Famous UCL geneticist
Steve Jones is being quoted in various places as saying that human
evolution has
stopped:
Health, birth control and the healing power of lust all conspire to tell us that, at least in the developed world, and at least for the time being, evolution is over. So, if you are worried about what Utopia is going to be like, cheer up - you are living in it now.

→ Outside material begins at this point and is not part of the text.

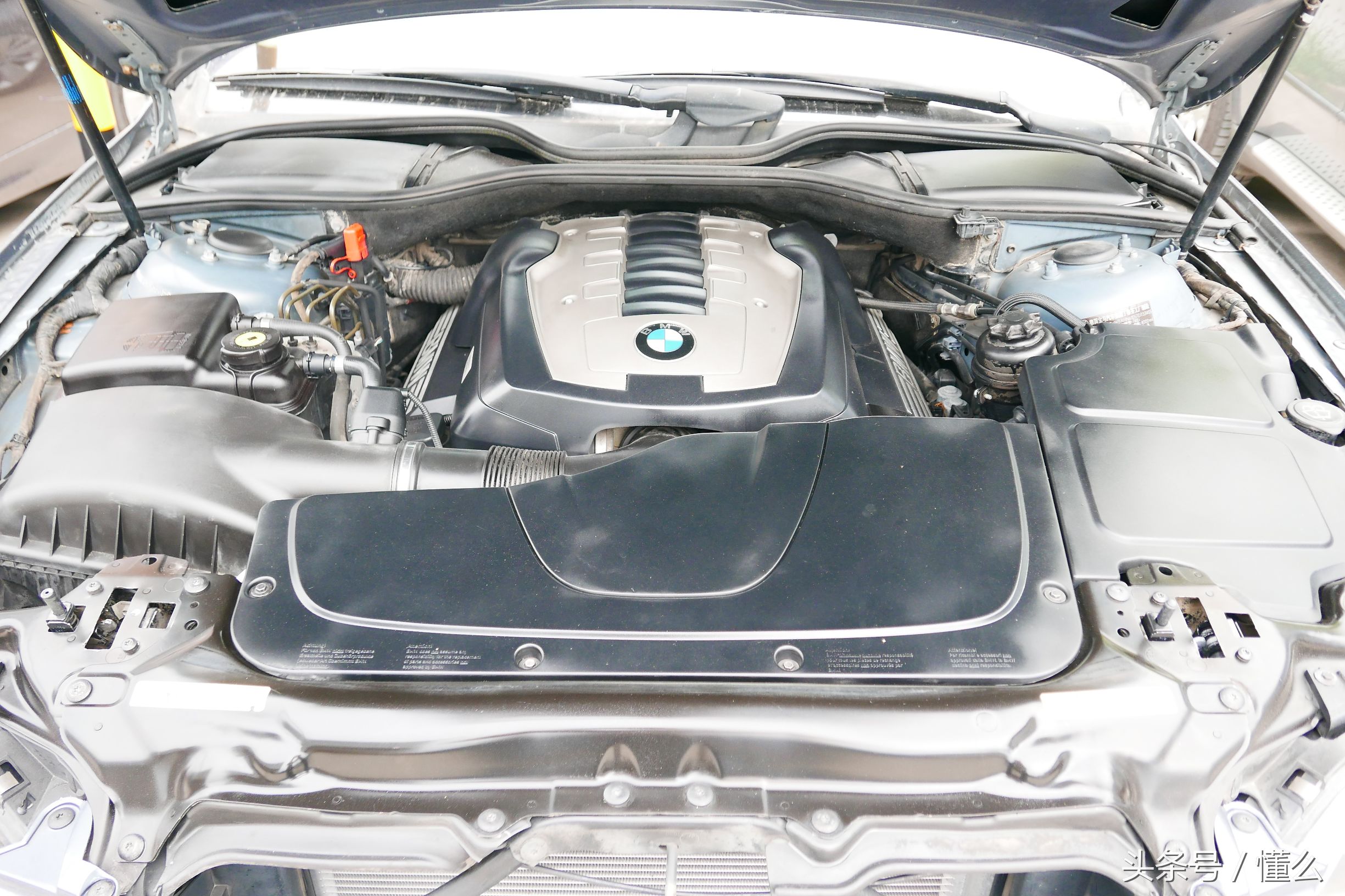 宝马7系m760深蓝色,宝马7系老款e66试驾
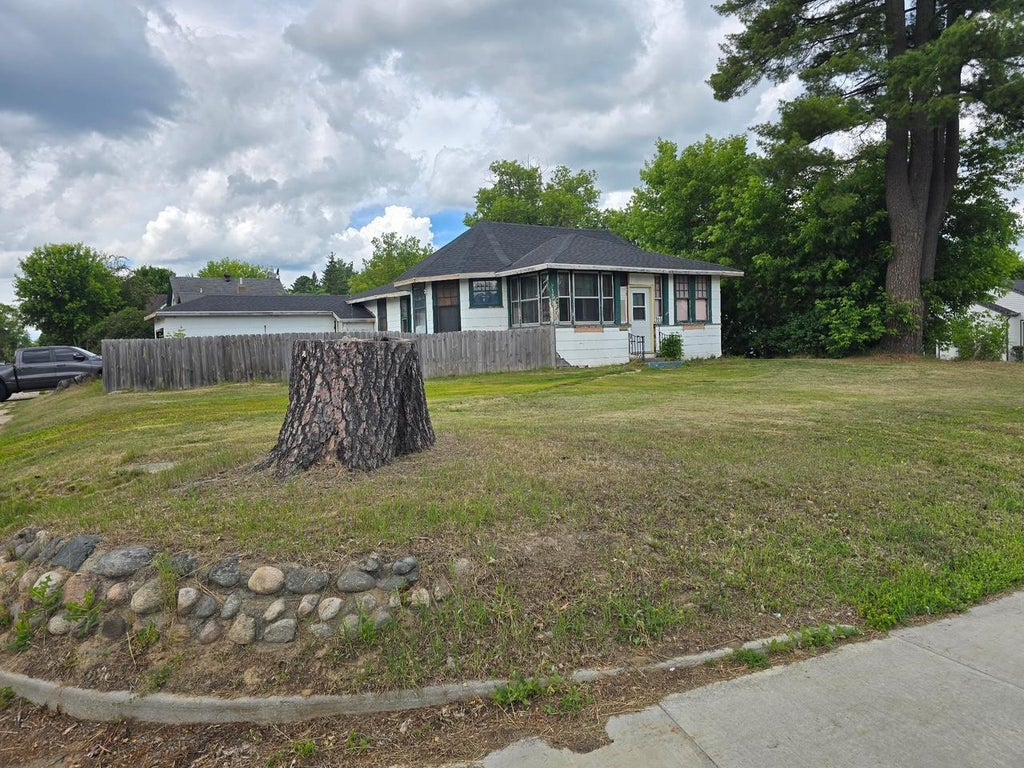 Photo of 703 NW 3rd Avenue, Grand Rapids, MN 55744 (MLS # 7100511)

Jones isn't the first to argue that human evolution has stopped;
Francis Collins has also done so, albeit primarily for religious reasons. It's an interesting claim. There is a large amount of evidence suggesting that humans have been evolving a fair bit recently (recent being the last few thousand years). There have been a few studies taking a general look at evidence for recent positive selection. For example:
Wang, E.T. et al. (2006) Global landscape of recent inferred Darwinian selection for Homo sapiens.
PNAS, 103, 135-140.
and
Voight, B.F. et al. (2006) A Map of Recent Positive Selection in the Human Genome.
PLoS Biology, 4, e72.
As I say, these take a wider perspective, looking at the whole of the genome. There is also research that focuses in much more specifically, on a gene or two, related to a particular trait. The
Lahn lab has been at the forefront of this, for example with evidence that resistance to malaria may have developed as recently as 1600 years ago:
Tishkoff, S.A. et al. (2001) Haplotype Diversity and Linkage Disequilibrium at Human G6PD: Recent Origin of Alleles That Confer Malarial Resistance.
Science, 293, 455 - 462.
in addition to work which demonstrates that a gene important in regulating brain size arose only 5800 years ago and was subject to very strong positive selection:
Mekel-Bobrov, N. et al (2005) Ongoing Adaptive Evolution of ASPM, a Brain Size Determinant in Homo sapiens.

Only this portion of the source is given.